▶ WORK ITEM
A word-for-word transcription of all the data is required.

▶ Short text fragments from websites

*** Block opens ***

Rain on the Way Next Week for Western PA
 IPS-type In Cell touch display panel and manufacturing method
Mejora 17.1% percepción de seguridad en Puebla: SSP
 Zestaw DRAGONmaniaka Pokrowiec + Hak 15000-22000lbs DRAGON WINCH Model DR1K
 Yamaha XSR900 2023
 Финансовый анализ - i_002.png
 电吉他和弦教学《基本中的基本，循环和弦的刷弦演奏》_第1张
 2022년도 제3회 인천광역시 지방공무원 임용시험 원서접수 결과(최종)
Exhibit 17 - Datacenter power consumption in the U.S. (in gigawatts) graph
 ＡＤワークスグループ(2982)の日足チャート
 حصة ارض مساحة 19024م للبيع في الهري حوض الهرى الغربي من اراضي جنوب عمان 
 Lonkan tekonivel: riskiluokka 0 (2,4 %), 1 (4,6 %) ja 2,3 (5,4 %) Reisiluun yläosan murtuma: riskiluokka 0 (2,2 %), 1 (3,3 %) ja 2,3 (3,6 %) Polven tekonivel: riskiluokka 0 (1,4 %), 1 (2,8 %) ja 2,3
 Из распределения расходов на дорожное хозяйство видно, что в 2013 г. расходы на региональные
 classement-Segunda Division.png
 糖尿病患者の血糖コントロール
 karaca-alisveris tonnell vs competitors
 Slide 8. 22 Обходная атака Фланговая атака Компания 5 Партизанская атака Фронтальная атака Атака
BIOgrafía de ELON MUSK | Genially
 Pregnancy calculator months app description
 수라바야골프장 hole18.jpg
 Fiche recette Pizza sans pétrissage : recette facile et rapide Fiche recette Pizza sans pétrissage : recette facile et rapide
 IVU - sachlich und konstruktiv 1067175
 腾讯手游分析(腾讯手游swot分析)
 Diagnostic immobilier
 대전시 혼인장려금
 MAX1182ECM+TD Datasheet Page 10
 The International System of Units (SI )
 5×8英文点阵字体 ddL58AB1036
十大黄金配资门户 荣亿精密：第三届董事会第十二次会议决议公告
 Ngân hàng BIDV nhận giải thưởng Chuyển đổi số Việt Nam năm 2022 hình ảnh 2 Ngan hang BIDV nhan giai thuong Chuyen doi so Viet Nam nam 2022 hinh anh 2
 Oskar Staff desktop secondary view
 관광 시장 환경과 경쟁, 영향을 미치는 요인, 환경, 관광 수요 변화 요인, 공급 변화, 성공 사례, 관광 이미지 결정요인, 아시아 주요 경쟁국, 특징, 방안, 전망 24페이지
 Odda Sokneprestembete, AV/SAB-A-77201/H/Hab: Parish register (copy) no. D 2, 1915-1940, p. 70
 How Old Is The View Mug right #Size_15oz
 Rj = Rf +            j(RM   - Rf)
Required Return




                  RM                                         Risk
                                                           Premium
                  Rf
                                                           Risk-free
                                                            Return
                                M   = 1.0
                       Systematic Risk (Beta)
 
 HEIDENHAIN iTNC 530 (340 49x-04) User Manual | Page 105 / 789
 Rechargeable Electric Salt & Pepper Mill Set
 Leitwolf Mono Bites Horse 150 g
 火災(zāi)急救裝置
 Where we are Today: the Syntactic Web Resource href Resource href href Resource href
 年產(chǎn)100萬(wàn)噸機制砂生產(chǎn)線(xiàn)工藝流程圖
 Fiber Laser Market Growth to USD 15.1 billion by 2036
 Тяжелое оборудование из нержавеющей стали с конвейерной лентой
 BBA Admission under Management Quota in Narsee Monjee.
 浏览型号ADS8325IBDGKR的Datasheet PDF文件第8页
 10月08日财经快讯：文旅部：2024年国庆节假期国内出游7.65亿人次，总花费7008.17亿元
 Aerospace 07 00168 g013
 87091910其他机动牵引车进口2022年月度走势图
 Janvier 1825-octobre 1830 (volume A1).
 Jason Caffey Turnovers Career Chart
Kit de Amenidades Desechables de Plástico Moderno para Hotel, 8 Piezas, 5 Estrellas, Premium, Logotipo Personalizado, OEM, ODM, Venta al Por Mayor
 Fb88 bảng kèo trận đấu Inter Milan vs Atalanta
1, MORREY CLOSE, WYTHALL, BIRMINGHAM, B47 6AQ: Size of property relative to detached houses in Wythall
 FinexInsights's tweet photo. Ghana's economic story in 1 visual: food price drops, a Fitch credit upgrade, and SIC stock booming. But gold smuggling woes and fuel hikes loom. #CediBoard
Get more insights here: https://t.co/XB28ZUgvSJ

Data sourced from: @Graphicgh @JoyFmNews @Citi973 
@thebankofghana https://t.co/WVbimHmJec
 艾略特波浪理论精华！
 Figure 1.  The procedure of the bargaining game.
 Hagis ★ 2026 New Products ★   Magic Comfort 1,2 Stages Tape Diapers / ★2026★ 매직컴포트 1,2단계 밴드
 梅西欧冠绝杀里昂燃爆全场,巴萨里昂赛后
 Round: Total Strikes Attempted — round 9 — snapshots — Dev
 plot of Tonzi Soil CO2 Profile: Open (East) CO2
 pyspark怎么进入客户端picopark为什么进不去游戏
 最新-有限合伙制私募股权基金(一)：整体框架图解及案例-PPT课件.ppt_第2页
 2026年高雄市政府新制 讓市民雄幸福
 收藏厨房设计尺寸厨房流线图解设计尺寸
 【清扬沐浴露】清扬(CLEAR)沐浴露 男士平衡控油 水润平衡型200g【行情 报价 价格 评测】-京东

*** Block closes ***

▶ RESULT
Rain on the Way Next Week for Western PA
 IPS-type In Cell touch display panel and manufacturing method
Mejora 17.1% percepción de seguridad en Puebla: SSP
 Zestaw DRAGONmaniaka Pokrowiec + Hak 15000-22000lbs DRAGON WINCH Model DR1K
 Yamaha XSR900 2023
 Финансовый анализ - i_002.png
 电吉他和弦教学《基本中的基本，循环和弦的刷弦演奏》_第1张
 2022년도 제3회 인천광역시 지방공무원 임용시험 원서접수 결과(최종)
Exhibit 17 - Datacenter power consumption in the U.S. (in gigawatts) graph
 ＡＤワークスグループ(2982)の日足チャート
 حصة ارض مساحة 19024م للبيع في الهري حوض الهرى الغربي من اراضي جنوب عمان 
 Lonkan tekonivel: riskiluokka 0 (2,4 %), 1 (4,6 %) ja 2,3 (5,4 %) Reisiluun yläosan murtuma: riskiluokka 0 (2,2 %), 1 (3,3 %) ja 2,3 (3,6 %) Polven tekonivel: riskiluokka 0 (1,4 %), 1 (2,8 %) ja 2,3
 Из распределения расходов на дорожное хозяйство видно, что в 2013 г. расходы на региональные
 classement-Segunda Division.png
 糖尿病患者の血糖コントロール
 karaca-alisveris tonnell vs competitors
 Slide 8. 22 Обходная атака Фланговая атака Компания 5 Партизанская атака Фронтальная атака Атака
BIOgrafía de ELON MUSK | Genially
 Pregnancy calculator months app description
 수라바야골프장 hole18.jpg
 Fiche recette Pizza sans pétrissage : recette facile et rapide Fiche recette Pizza sans pétrissage : recette facile et rapide
 IVU - sachlich und konstruktiv 1067175
 腾讯手游分析(腾讯手游swot分析)
 Diagnostic immobilier
 대전시 혼인장려금
 MAX1182ECM+TD Datasheet Page 10
 The International System of Units (SI )
 5×8英文点阵字体 ddL58AB1036
十大黄金配资门户 荣亿精密：第三届董事会第十二次会议决议公告
 Ngân hàng BIDV nhận giải thưởng Chuyển đổi số Việt Nam năm 2022 hình ảnh 2 Ngan hang BIDV nhan giai thuong Chuyen doi so Viet Nam nam 2022 hinh anh 2
 Oskar Staff desktop secondary view
 관광 시장 환경과 경쟁, 영향을 미치는 요인, 환경, 관광 수요 변화 요인, 공급 변화, 성공 사례, 관광 이미지 결정요인, 아시아 주요 경쟁국, 특징, 방안, 전망 24페이지
 Odda Sokneprestembete, AV/SAB-A-77201/H/Hab: Parish register (copy) no. D 2, 1915-1940, p. 70
 How Old Is The View Mug right #Size_15oz
 Rj = Rf +            j(RM   - Rf)
Required Return




                  RM                                         Risk
                                                           Premium
                  Rf
                                                           Risk-free
                                                            Return
                                M   = 1.0
                       Systematic Risk (Beta)
 
 HEIDENHAIN iTNC 530 (340 49x-04) User Manual | Page 105 / 789
 Rechargeable Electric Salt & Pepper Mill Set
 Leitwolf Mono Bites Horse 150 g
 火災(zāi)急救裝置
 Where we are Today: the Syntactic Web Resource href Resource href href Resource href
 年產(chǎn)100萬(wàn)噸機制砂生產(chǎn)線(xiàn)工藝流程圖
 Fiber Laser Market Growth to USD 15.1 billion by 2036
 Тяжелое оборудование из нержавеющей стали с конвейерной лентой
 BBA Admission under Management Quota in Narsee Monjee.
 浏览型号ADS8325IBDGKR的Datasheet PDF文件第8页
 10月08日财经快讯：文旅部：2024年国庆节假期国内出游7.65亿人次，总花费7008.17亿元
 Aerospace 07 00168 g013
 87091910其他机动牵引车进口2022年月度走势图
 Janvier 1825-octobre 1830 (volume A1).
 Jason Caffey Turnovers Career Chart
Kit de Amenidades Desechables de Plástico Moderno para Hotel, 8 Piezas, 5 Estrellas, Premium, Logotipo Personalizado, OEM, ODM, Venta al Por Mayor
 Fb88 bảng kèo trận đấu Inter Milan vs Atalanta
1, MORREY CLOSE, WYTHALL, BIRMINGHAM, B47 6AQ: Size of property relative to detached houses in Wythall
 FinexInsights's tweet photo. Ghana's economic story in 1 visual: food price drops, a Fitch credit upgrade, and SIC stock booming. But gold smuggling woes and fuel hikes loom. #CediBoard
Get more insights here: https://t.co/XB28ZUgvSJ

Data sourced from: @Graphicgh @JoyFmNews @Citi973 
@thebankofghana https://t.co/WVbimHmJec
 艾略特波浪理论精华！
 Figure 1.  The procedure of the bargaining game.
 Hagis ★ 2026 New Products ★   Magic Comfort 1,2 Stages Tape Diapers / ★2026★ 매직컴포트 1,2단계 밴드
 梅西欧冠绝杀里昂燃爆全场,巴萨里昂赛后
 Round: Total Strikes Attempted — round 9 — snapshots — Dev
 plot of Tonzi Soil CO2 Profile: Open (East) CO2
 pyspark怎么进入客户端picopark为什么进不去游戏
 最新-有限合伙制私募股权基金(一)：整体框架图解及案例-PPT课件.ppt_第2页
 2026年高雄市政府新制 讓市民雄幸福
 收藏厨房设计尺寸厨房流线图解设计尺寸
 【清扬沐浴露】清扬(CLEAR)沐浴露 男士平衡控油 水润平衡型200g【行情 报价 价格 评测】-京东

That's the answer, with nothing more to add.